Task material:
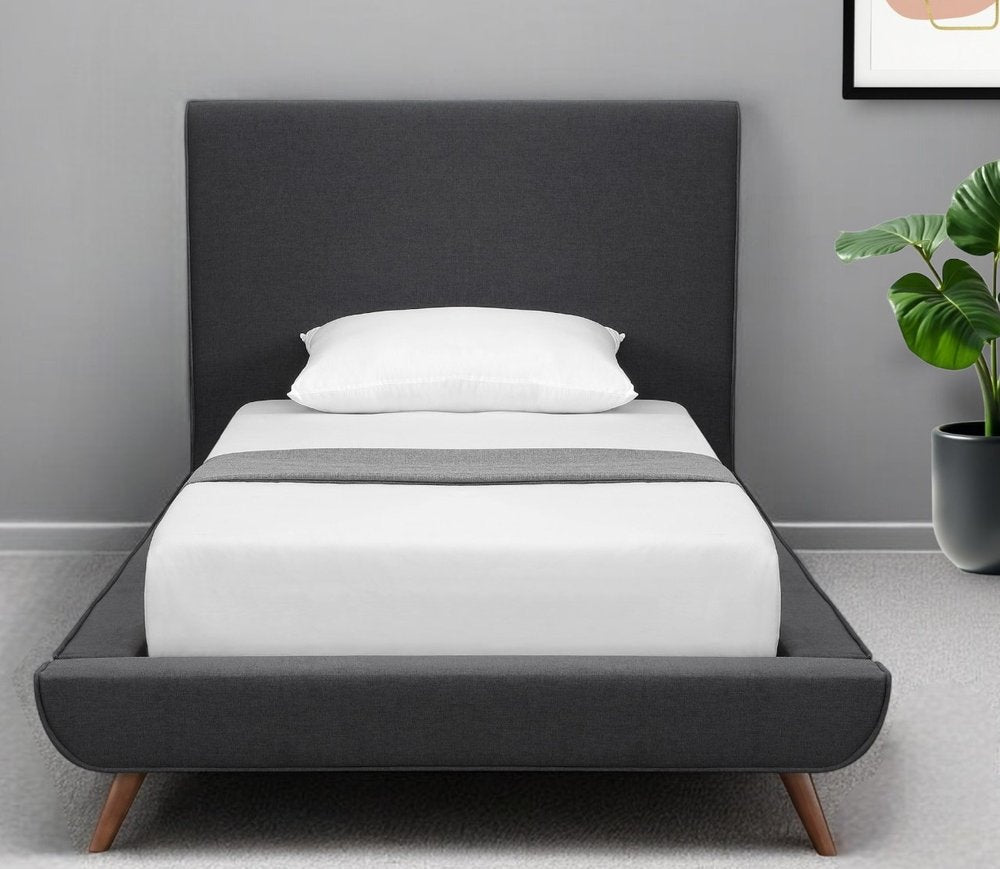 Denim Blue Solid Wood Queen Upholstered Linen Bed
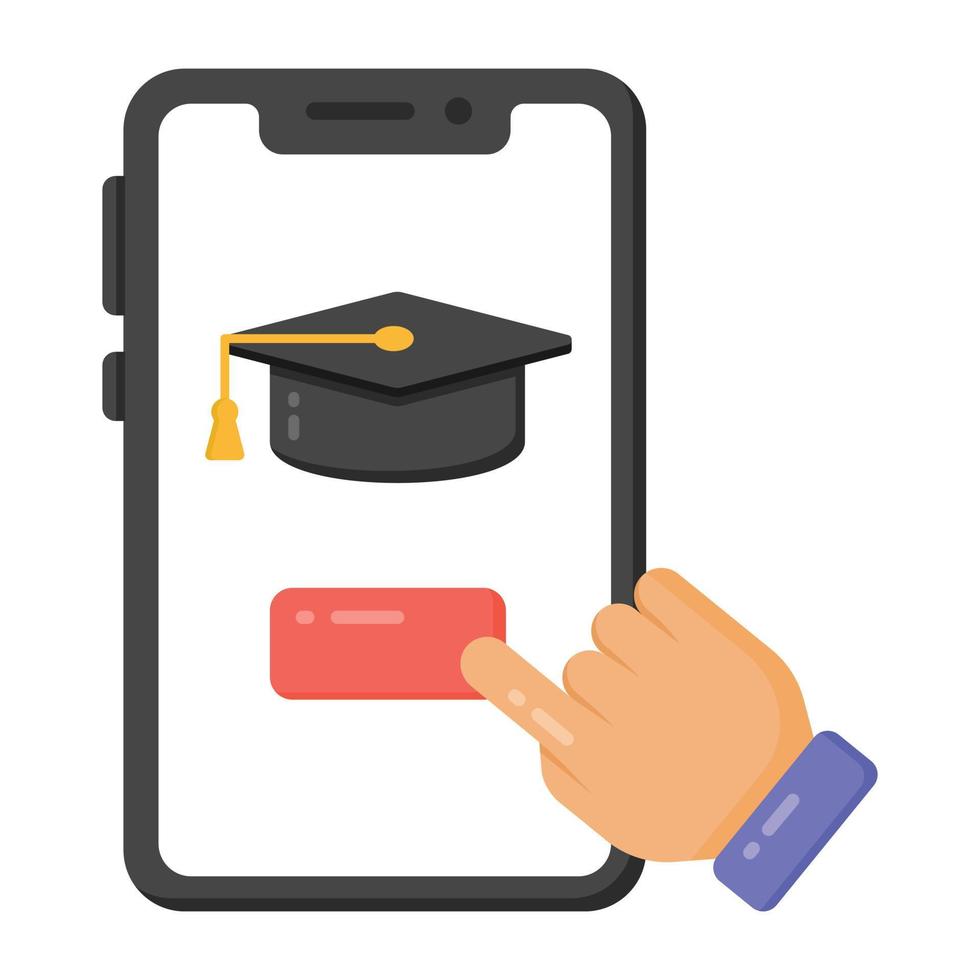 Icon of education app, mortarboard inside smartphone vector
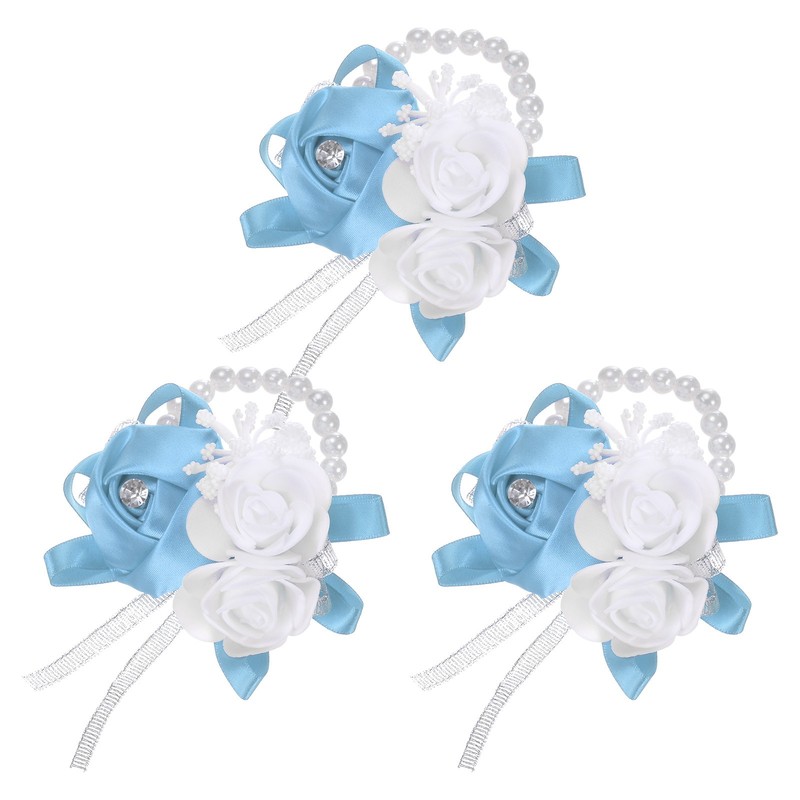 3-Pack Pearl Corsage Wristlet Bracelet for DIY Corsage Supplies [Sky Blue] gallery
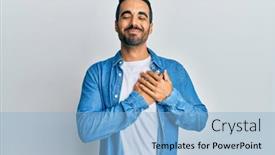  Presentation with chest - PPT theme consisting of young-hispanic-man-wearing-casual background and a light blue colored foreground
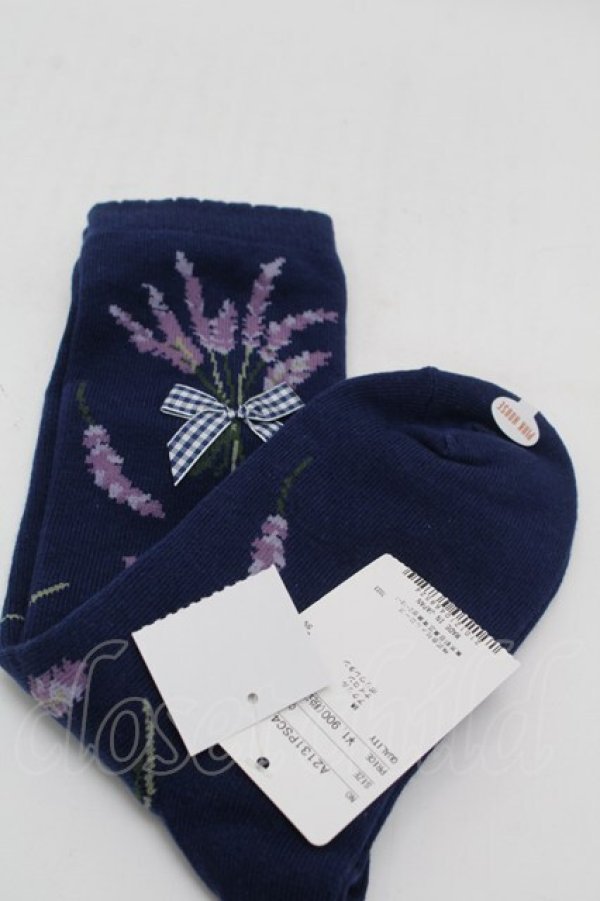 画像2: PINK HOUSE / ラベンダーモチーフソックス  ネイビー S-25-09-27-009-LO-ZA-HR-ZS (2)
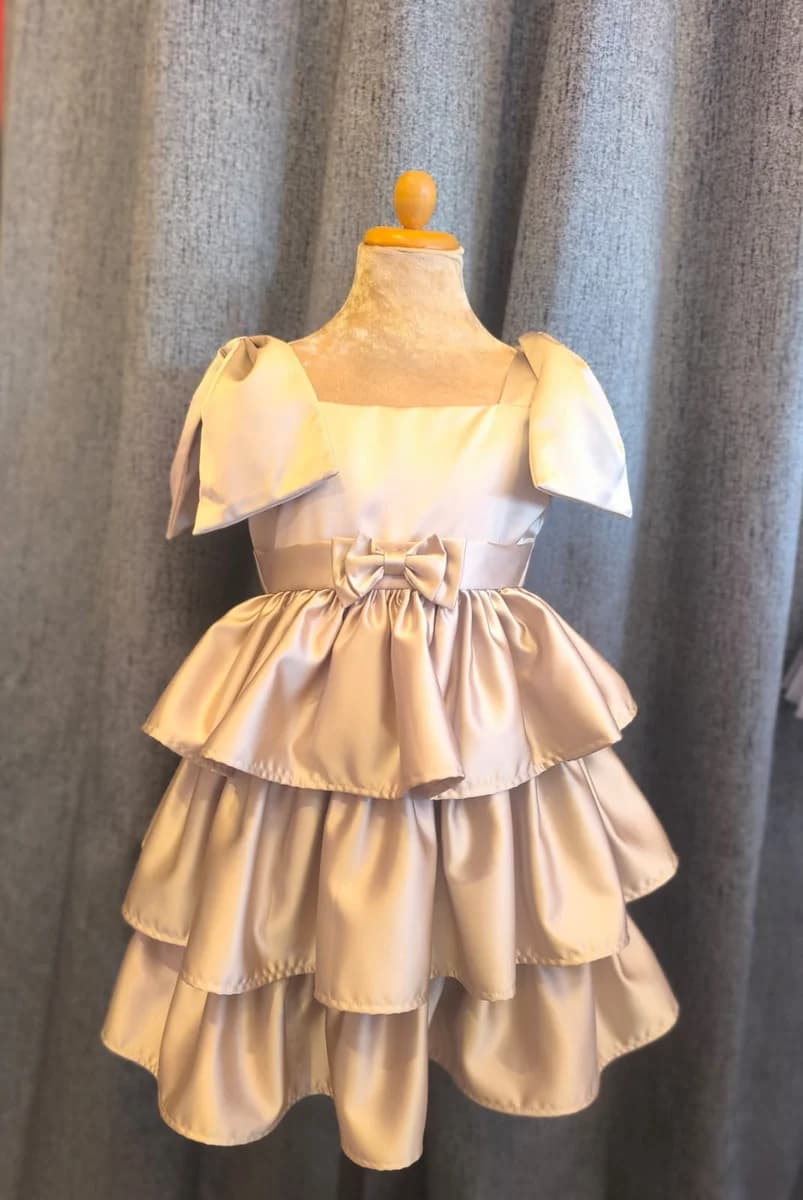 Ivory Tiered Ruffle Toddler Dress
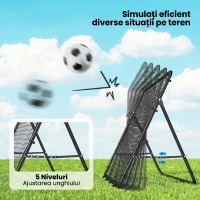 SPORTNOW Rebounder pentru Fotbal cu 5 Unghiuri Reglabile, Negru(m-4)
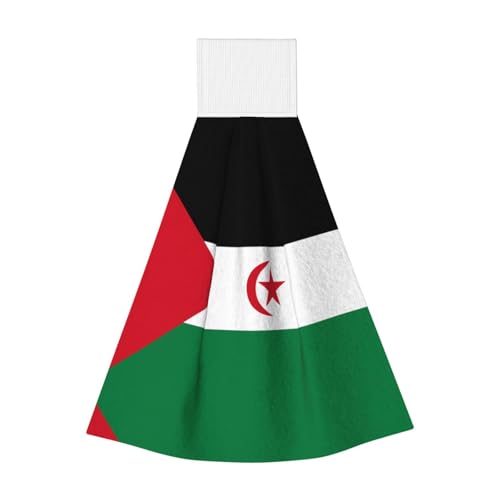 WZYCWB Hängendes Korallen-Fleece-Handtuch, Kinder- und Erwachsenen-Bad- und Küchenhandtuch, Flagge der Westsahara, super saugfähiges Küchentuch von WZYCWB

Description of the task:
Copy exactly the lines from the one containing "Ivory Tiered Ruffle Toddler Dress" through the final line of the records above, both included, and leave out any pictures.

Expected output:
 Ivory Tiered Ruffle Toddler Dress
 SPORTNOW Rebounder pentru Fotbal cu 5 Unghiuri Reglabile, Negru(m-4)
 WZYCWB Hängendes Korallen-Fleece-Handtuch, Kinder- und Erwachsenen-Bad- und Küchenhandtuch, Flagge der Westsahara, super saugfähiges Küchentuch von WZYCWB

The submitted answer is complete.